From the records below, please print only the lines from the one containing "14 Best Professional" through the one containing "appartamento in vendita a Vigevano", both included. Skip the pictures.

Dataset:

"""

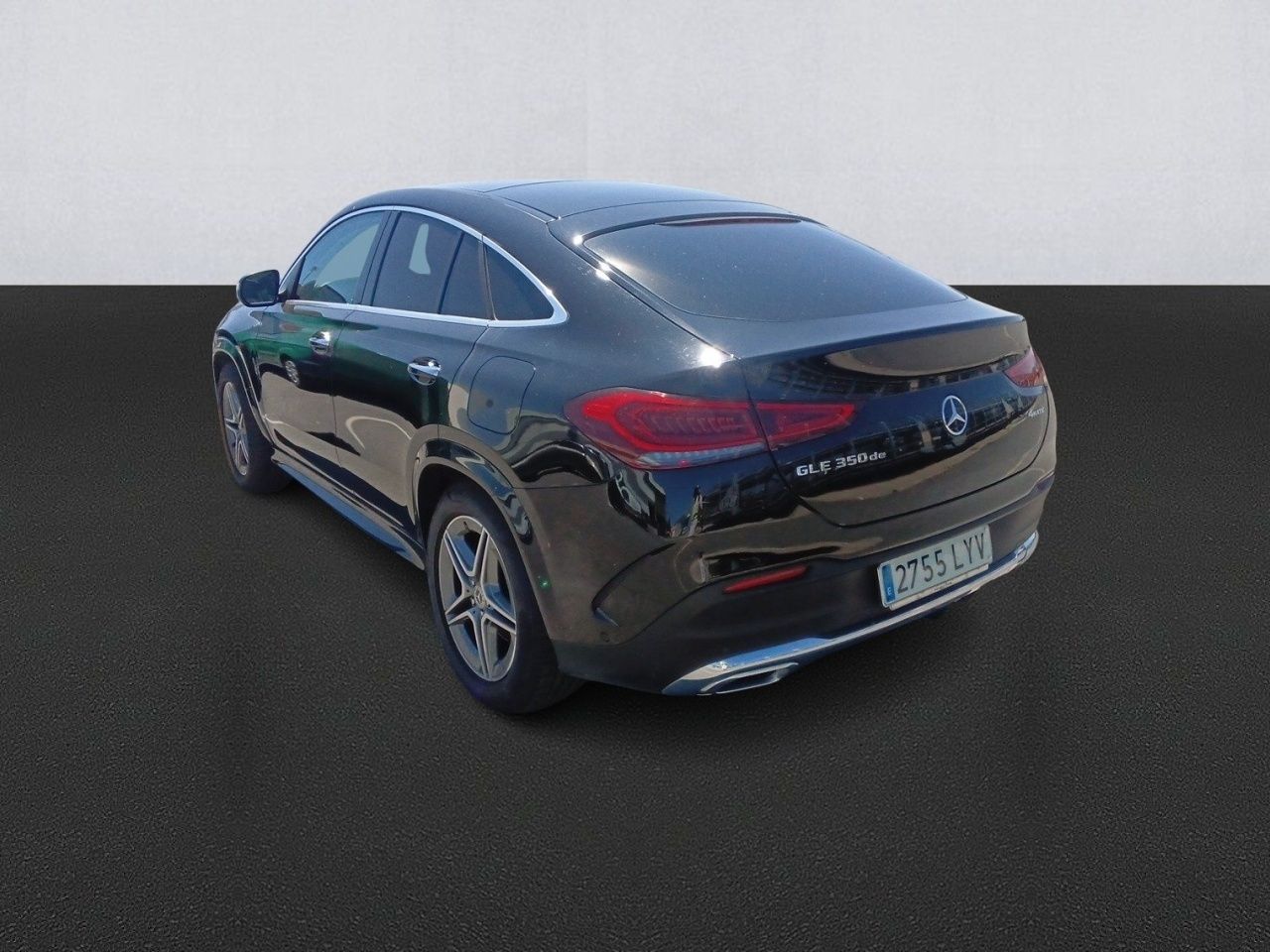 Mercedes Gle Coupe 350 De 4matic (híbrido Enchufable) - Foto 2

"""
"""

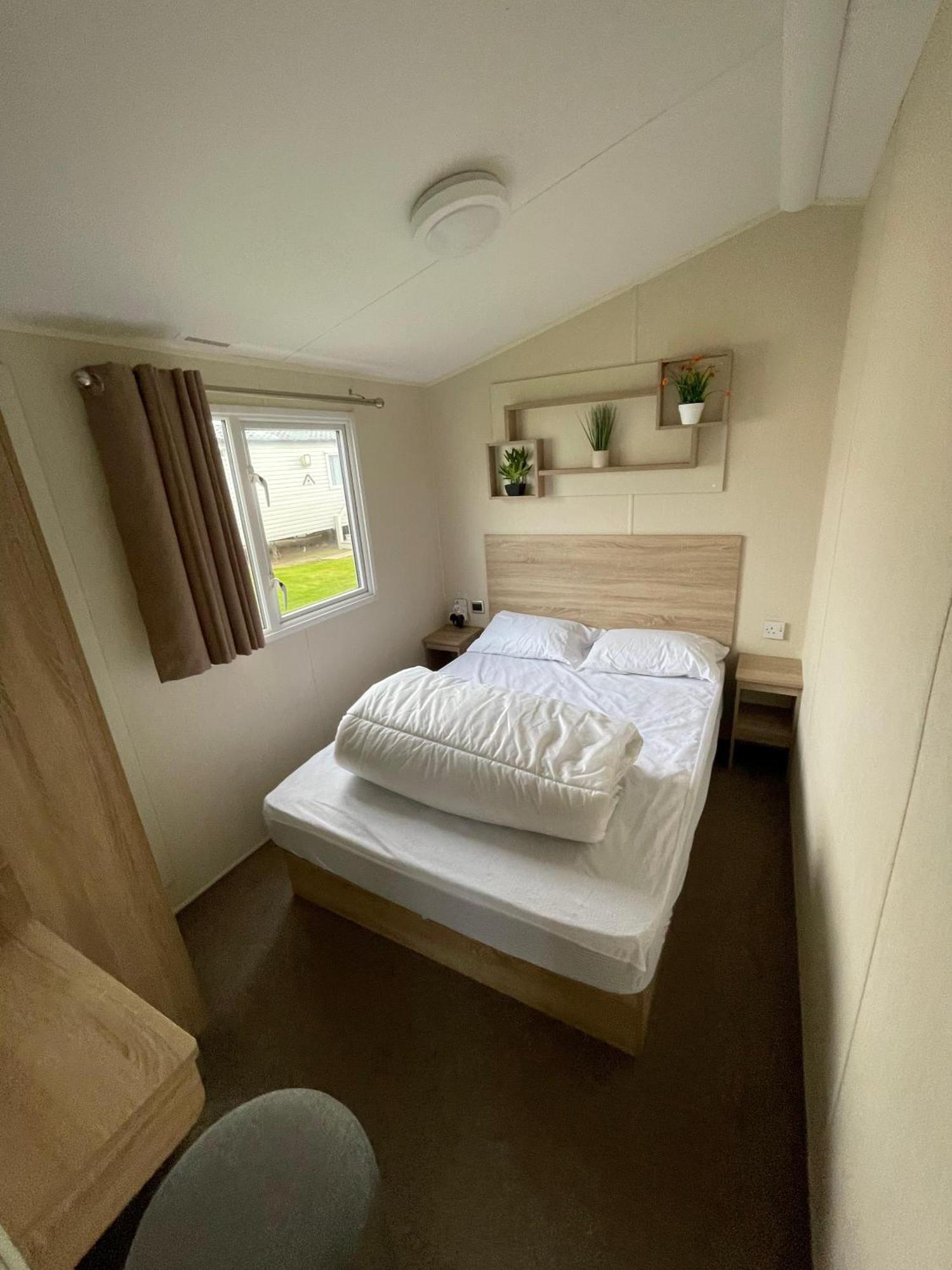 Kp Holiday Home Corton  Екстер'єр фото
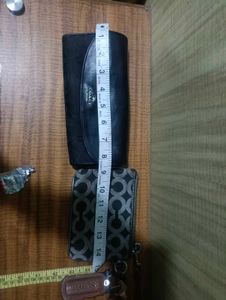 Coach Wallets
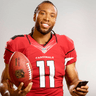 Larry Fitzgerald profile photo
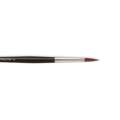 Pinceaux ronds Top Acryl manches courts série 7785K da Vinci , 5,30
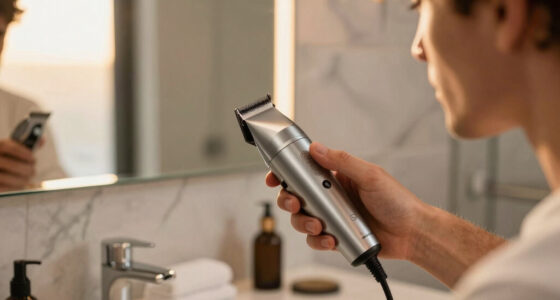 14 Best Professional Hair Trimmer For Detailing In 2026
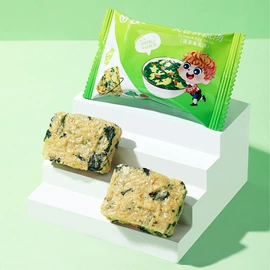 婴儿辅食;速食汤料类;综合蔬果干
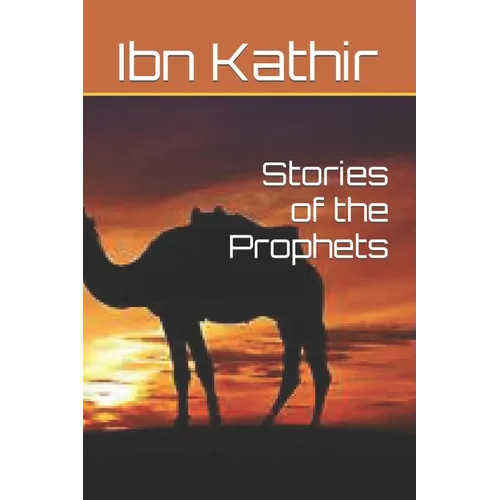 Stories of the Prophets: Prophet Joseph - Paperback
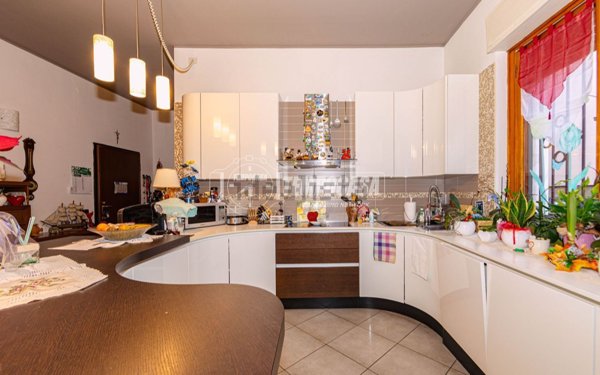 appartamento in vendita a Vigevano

"""

Solved problem:
 14 Best Professional Hair Trimmer For Detailing In 2026
 婴儿辅食;速食汤料类;综合蔬果干
 Stories of the Prophets: Prophet Joseph - Paperback
 appartamento in vendita a Vigevano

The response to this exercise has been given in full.